The Lowcountry is full of places to both live and boat.
Story by Lisa Allen
It’s no surprise that an area surrounded by water also is populated with a fleet of boating communities. There are dozens to choose from, some better suited to your personality than others. Here’s a list of the offerings:
Hampton Lake doesn’t let its mainland address slow it down when it comes to boating. Its 165-acre freshwater lake includes 7 miles of navigable waterways and 15 miles of shoreline. The lake and approximately 340-acre nature preserve consume more than half of the 900-acre community. Most lakefront homes and lots have backyard boat slips. Doc’s Boathouse offers a variety of watercraft for member use of kayaks, canoes, Carolina Skiffs, Duffy boats and a Sun Tracker. Boats up to 22-feet long with motors up to 25 horsepower can be launched from Doc’s or private docks. Hampton Lake is a consecutive winner of the national Best in American Living Award (BALA) for “Best Community in America” and “Best Community Facility,” among other awards.
Hilton Head Plantation
Hilton Head Plantation covers nearly 4,000 acres that is bounded by the Intracoastal Waterway and Port Royal Sound. The boaters are served by Skull Creek Marina, a full-service marina with immediate access to deep water that can accommodate boats up to 200-feet long.
Long Cove Club
Long Cove Club, a 600-acre community on Broad Creek, features a deep-water marina. It’s up Broad Creek from Calibogue Sound and conveniently located mid-island. Developed in the1980s, the intimate community offers top-rated golf, tennis and boating.

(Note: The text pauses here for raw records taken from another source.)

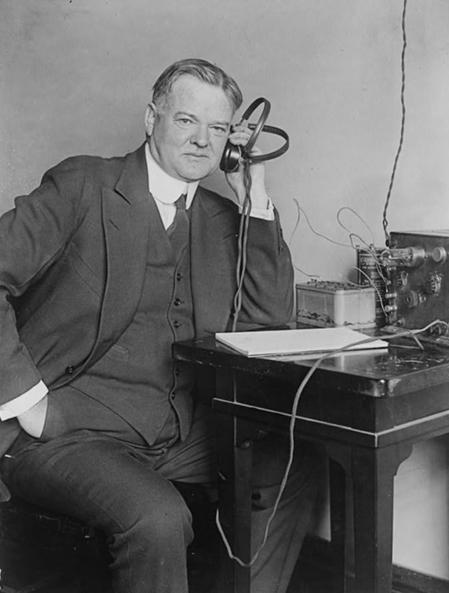 Two Landmark Cases 10 Hoover vs Intercity Radio, 1923 United States vs Zenith Radio, 1926 Department of Commerce has no authority to regulate licenses.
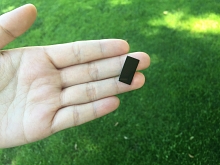 The device works faster than those that use only ultraviolet rays. Image credit: Jin Xie/Stanford University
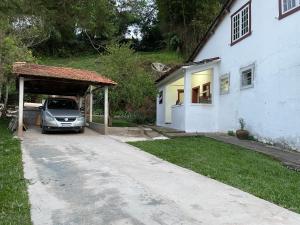 蒂拉登特斯Sobrado da Prainha的停在房子旁边的车库里的汽车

Moss Creek occupies the last parcel on the mainland before the bridge to Hilton Head. It has an inland feel, but it’s just a short trip to Mackey Creek or Port Royal Sound. The community features Fazio golf courses, boating and fishing, pools, a fully equipped equestrian center and access to nature preserves and leisure trails.
Bounded by the May, Cooper, and New rivers, Palmetto Bluff features 32 miles of waterfront. Its marina’s name, Wilson Landing, hints of the history of the place. The community includes five-star resort Montage Inn, a town square with shops and restaurants and acres of open space and maritime forests.
Sea Pines Resort
Sea Pines Resort needs little introduction given that it’s featured every year as part of television coverage of the RBC Heritage presented by Boeing. Its red and white lighthouse serves as both the resort’s and Hilton Head’s signature landmark. The Yacht Harbour can accommodate boats from runabouts to 100-foot yachts. The resort’s smaller South Beach Marina offers a variety of rental watercraft and charters. As for Hilton Head yachting scene, Sea Pines was here first.
Shelter Cove Harbour
Shelter Cove Harbour is across from the communities that make up Palmetto Dunes and offers year-round waterfront dining, shopping and entertainment along Broad Creek. The Mediterranean-style village combines shops, restaurants and waterfront activities into one location. Both charter and private boats share the slips. There’s always a lot of activity at Shelter Cove.
Wexford Plantation features a 37-acre inland harbor and is one of two communities on Hilton Head with a consistent 8-foot water level, an important feature because of the island’s 8-foot tides. Voted “Best for Boating” in LINKS magazine 2015 premier properties guide, Wexford’s harbor has direct access to Broad Creek and the Intracoastal Waterway. It features deep canals that enable homeowners to dock boats at their backyards. The community’s harbor is a certified South Carolina Clean Marina and contains 280 boat slips, 138 of which are located behind privately owned homes.
Windmill Harbour is on Calibogue Sound on the northwest tip of Hilton Head. Like Wexford, it also has a lock to eliminate water level fluctuations and currents within the 15-acre, 250-slip harbor, which is well protected from wind. It’s also home to the South Carolina Yacht Club.